QHNCGRP was authored by Basque-born but (for three decades) Peru-based scholar José Ignacio Lequanda, who commissioned French artist Louis Thiébaut to produce the paintings illustrating it, and it was completed in Madrid in 1799 (click here for an extensive article by Daniela Bleichmar documenting its history and contents).
Today, this unique creation is held and displayed at the Museo Nacional de Ciencias Naturales in Madrid, Spain (constituting Spain's national museum of natural history), which has produced an exquisite, lavishly-illustrated website devoted specifically to it (click here to visit the website). I strongly recommend that you access this site while reading my article here, in order to appreciate fully the nature, context, content, and visual beauty of this truly extraordinary, combined work of art and scholarship, and in particular the two items from it under consideration here.
Containing a grand total of 194 individual images, QHNCGRP presents a picture-driven history of the peoples, animals, and plants of Peru (or, in a few cases, Peru's South American environs).
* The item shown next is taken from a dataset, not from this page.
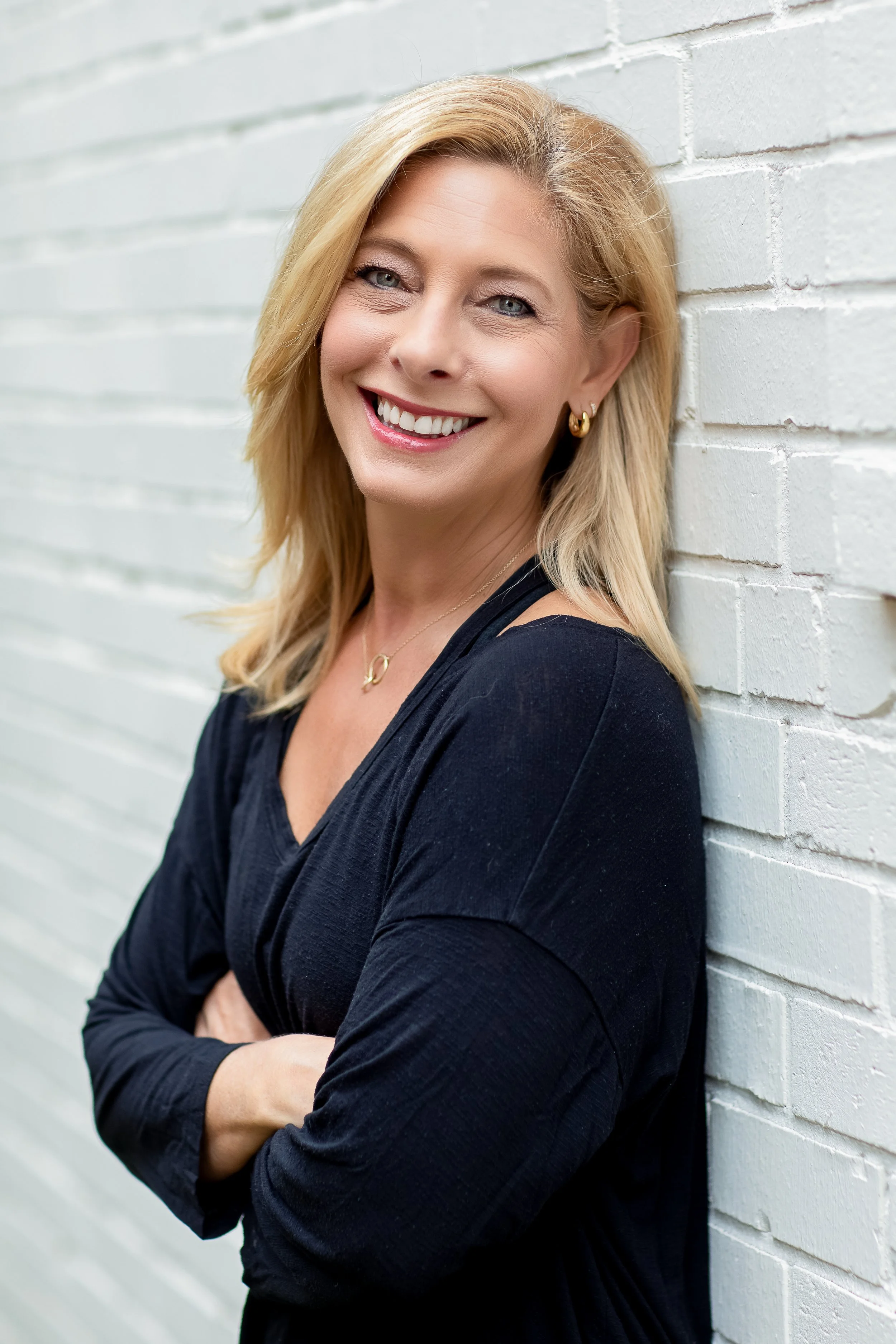 A smiling woman with blonde hair and blue eyes, wearing gold earrings and a black top, leaning against a white brick wall with her arms crossed.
At its centre there is an annotated map of the country, depicting, describing, and delineating its various administrative divisions in different colours, as well as a picture of the mine of Hualgayoc or Chota, emphasizing the significance of mining to Peru at that time.
Constituting the outermost border or frame of QHNCGRP is a series of 88 miniature paintings, each depicting a different Peruvian bird and plant, plus four corner miniatures portraying Peruvian insects and reptiles. And running horizontally directly below the uppermost edge of this ornithologically-themed border is a row of 32 miniatures portraying various human forms, including indigenous peoples and Western couples in various costumes.
Below these, and forming a second, internal frame, is a series of numerous compartments containing Lequanda's tiny but voluminous handwritten text (he also added a descriptive label beneath each animal miniature, and considerable text around the mine picture). Within this second frame are not only four large and four smaller pictures depicting Peruvian aquatic animals but also (split into a left-hand block and a right-hand block of 30 each) a series of 60 miniature paintings, again depicting Peruvian animals. Well, 59 of them are…
As for the 60th: This is the creature portrayed in the miniature present at the right-hand end of the top row in the right-hand block of 30 animal pictures. It seems to have been painted with especial precision by Thiébaut in comparison with certain other of the animals portrayed by him in QHNCGRP, and was labeled here by Lequanda as a mountain-abounding 'Dominican monkey'.
In reality, however, as anyone even remotely versed in mammalian identification will readily confirm, this particular creature, its distinctive monochrome form being both instantly recognizable and wholly unmistakable, is actually a black-and-white ruffed lemur Varecia variegata, the species depicted in the photograph opening this ShukerNature article, and which is of course endemic to Madagascar! No lemurs of any kind occur anywhere in the New World.
So why is there a portrait of a Madagascan lemur in QHNCGRP, which is exclusively devoted to Neotropical natural history and culture?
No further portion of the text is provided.